According to the SECP, the order shall dispose of the proceedings initiated against the Directors (including the Chief Executive) and the Secretary of an insurance company for not complying with the requirements of Rule 6 of the Companies (Issue of Capital) Rules, 1996 (the "Rules"). The provisions of Rule 6 of the Rules state that in case of the issuance of bonus shares by listed companies.--A listed company may issue bonus shares subject to the following conditions:-
(i) The decision of the directors to issue bonus shares shall be communicated to the Authority and the respective stock exchange on the day of the decision and the intimation letter shall be accompanied by the auditor's certificate.
(ii) The free reserves of the company calculated in the manner as specified in rule 5 shall be sufficient to issue the bonus shares after retaining in the reserves twenty-five per cent of the capital as it will be increased by the proposed bonus shares.

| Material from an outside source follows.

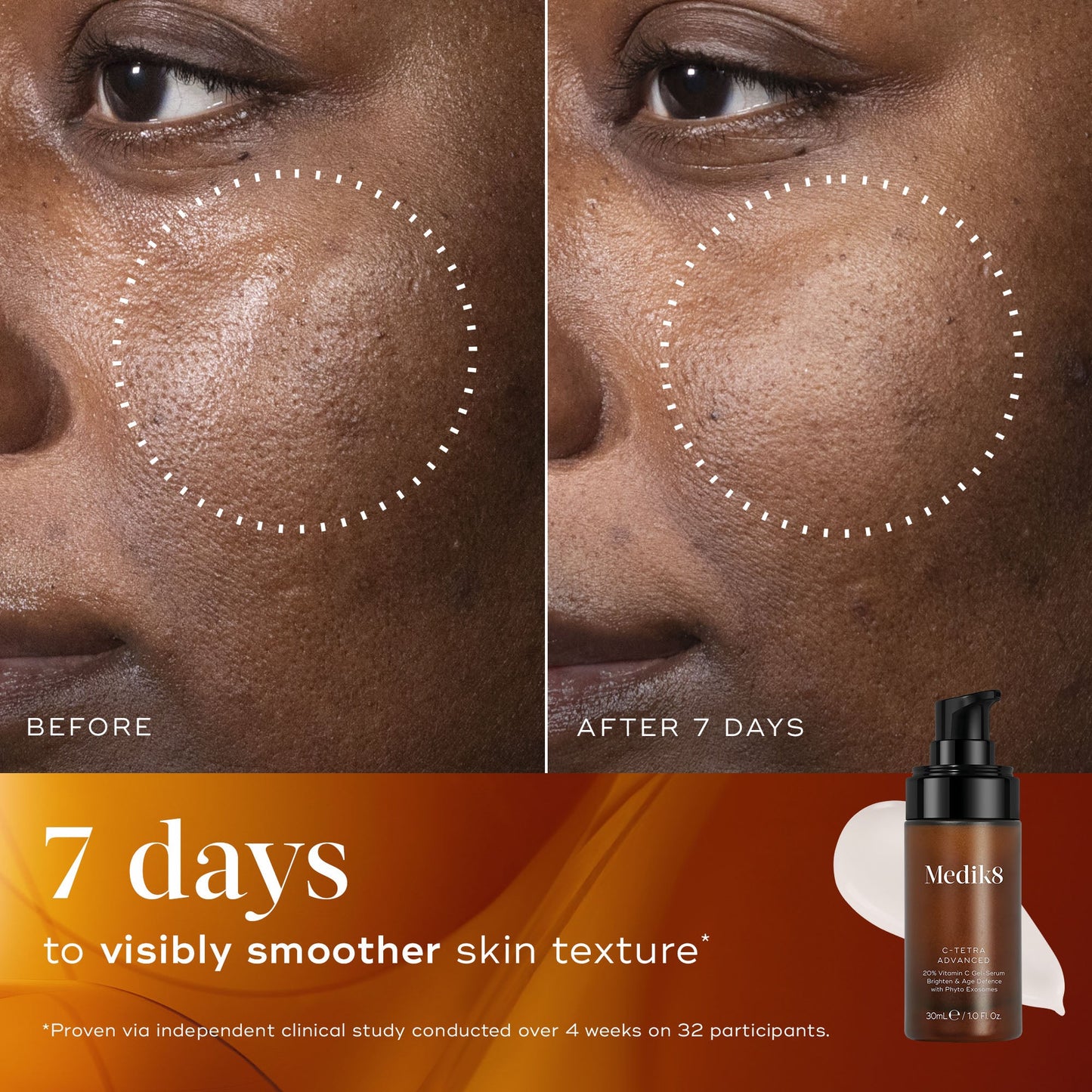 Medik8 C-Tetra Advanced 30ml before and after smoother skin texture in 7 days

(iii) a certificate from the auditors shall be obtained to the effect that the free reserves and surpluses retained after the issue of the bonus shares will not be less than twenty-five per cent of the increased capital; and
(iv) All contingent liabilities disclosed in the audited accounts and any such liability which may have been created subsequent to the audited accounts shall be deducted while calculating minimum residual reserves of twenty five per cent."

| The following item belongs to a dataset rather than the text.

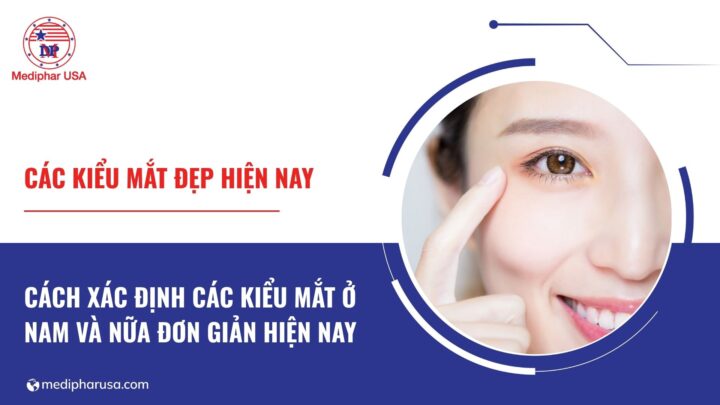 các kiểu mắt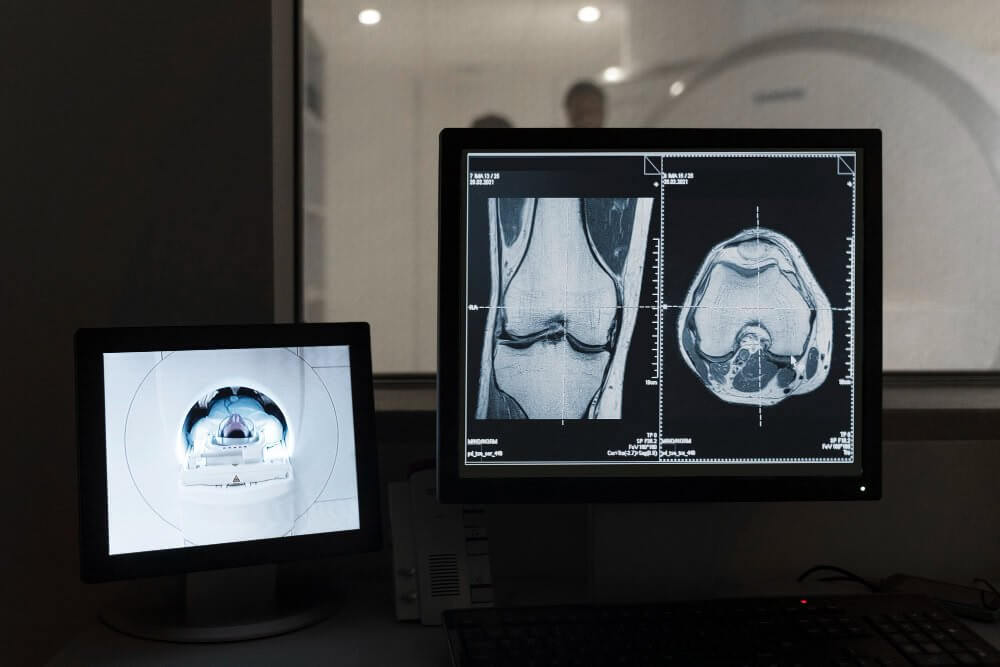 Interventional Radiology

The company had communicated to the Commission, the decision of its Directors to issue 25 percent bonus shares on the day of decision, ie, April 4, 2013. However, the intimation letter was not accompanied by the auditor's certificate as required by Rule 6(i) read with Rule 6(iii) of the Rules, although the company has mentioned in the notes to the Notice of the Annual General Meeting that the Auditor has certified the free reserves of the company.

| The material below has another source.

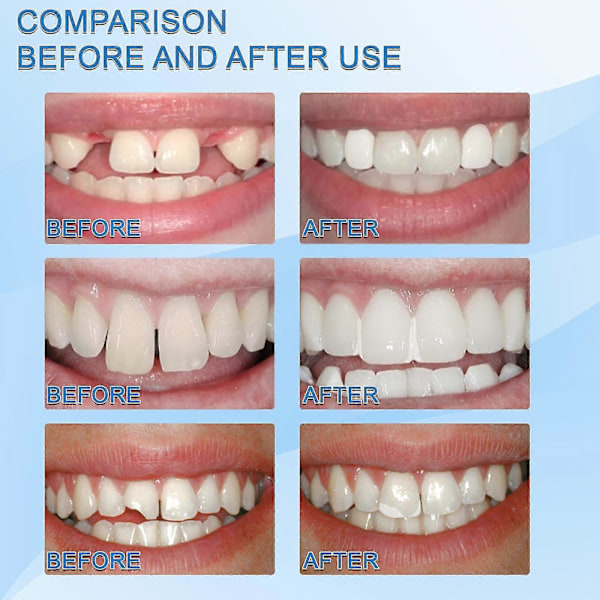 Sladdlös dental guttaperka tandköttsskärare för inre tänder guttaperka skärare + 4 spetsar 12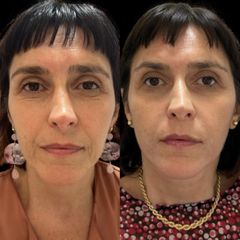 Dott.ssa Sara Carinci Full face viso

The company, while adhering to what they have been observing in the notices of the other companies, had stated that it is not a general secretarial practice to attach the free reserves certificate from the Auditors with the Notice. In the light of the above-quoted Rule 6 of the Rules, the communication of the decision of the Board of Directors should have been sent to the Commission along with the certificate of free reserves from the Auditors, on the day on which such decision was taken by the Board, the SECP said.
Therefore, the show cause notice was issued to the company's then so-called Directors and the Company Secretary, calling upon them to show cause as to why the penalty, as provided under Rule 11 of the Rules, should not be imposed upon the Company's then so-called Directors (including the then so-called Chief Executive) and the Company Secretary for not complying with provisions of Rule 6 of the Rules.
The company responded that the certificate of free reserves of the company from their statutory auditor was not attached with the notice of the Annual General Meeting of the company, as the same is not in general secretarial practice, however, the same had been filed with the Commission at the time of filing of Form 3. Lastly, the company prayed before the Commission to take a lenient view in the instant matter as late filing of the free reserves certificate from the auditor of the company was inadvertent.
The SECP has carefully examined and given due consideration to the written and verbal submissions of the company (through the company's representatives), and have also referred to the provisions of the rules. The SECP was of the view that there has been an established default of Rule 6 of the rules.
In exercise of the power conferred on me under rule 11 of the Rules, instead of imposing the penalty onto the addressees of the Show Cause Notice, take a lenient view, and thus, condone them due to facts. Also, the Company Directors (including the chief executive) and the company secretary are hereby issued stern warning that in case of similar non-compliance in future a stronger action will be taken, the SECP order added.